Adar Dembo has posted comments on this change. ( 
http://gerrit.cloudera.org:8080/8312 )

Change subject: KUDU-2191 (6/n): Hive Metastore catalog manager integration
......................................................................


Patch Set 9:

(55 comments)

http://gerrit.cloudera.org:8080/#/c/8312/8/src/kudu/hms/hms_client.cc
File src/kudu/hms/hms_client.cc:

http://gerrit.cloudera.org:8080/#/c/8312/8/src/kudu/hms/hms_client.cc@193
PS8, Line 193:   // Also check that the HMS is configured to allow changing the 
type of
             :   // columns, which is required to support dropping columns.
Could you elaborate on this a bit? It's not intuitive why it needs to be legal 
to change a column's type in order to drop it.

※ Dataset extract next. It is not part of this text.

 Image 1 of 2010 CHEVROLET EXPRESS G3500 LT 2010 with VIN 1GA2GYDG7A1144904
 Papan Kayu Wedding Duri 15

http://gerrit.cloudera.org:8080/#/c/8312/8/src/kudu/hms/hms_client.cc@202
PS8, Line 202:   if (boost::iequals(disallow_incompatible_column_type_changes, 
"true")) {
Hmm, is it really possible for the config's value to have a mixed case? Asking 
because L185 doesn't do a case-insensitive comparison when verifying that the 
required listeners are in hive.metastore.transactional.event.listeners.


http://gerrit.cloudera.org:8080/#/c/8312/8/src/kudu/hms/hms_client.cc@218
PS8, Line 218: bool HmsClient::IsConnected() {
Maybe add a bit of test coverage for this new method?


http://gerrit.cloudera.org:8080/#/c/8312/8/src/kudu/hms/mini_hms.cc
File src/kudu/hms/mini_hms.cc:

http://gerrit.cloudera.org:8080/#/c/8312/8/src/kudu/hms/mini_hms.cc@186
PS8, Line 186:   //    Configures the HMS to allow altering and dropping 
columns.
Nit: indentation is off by one character.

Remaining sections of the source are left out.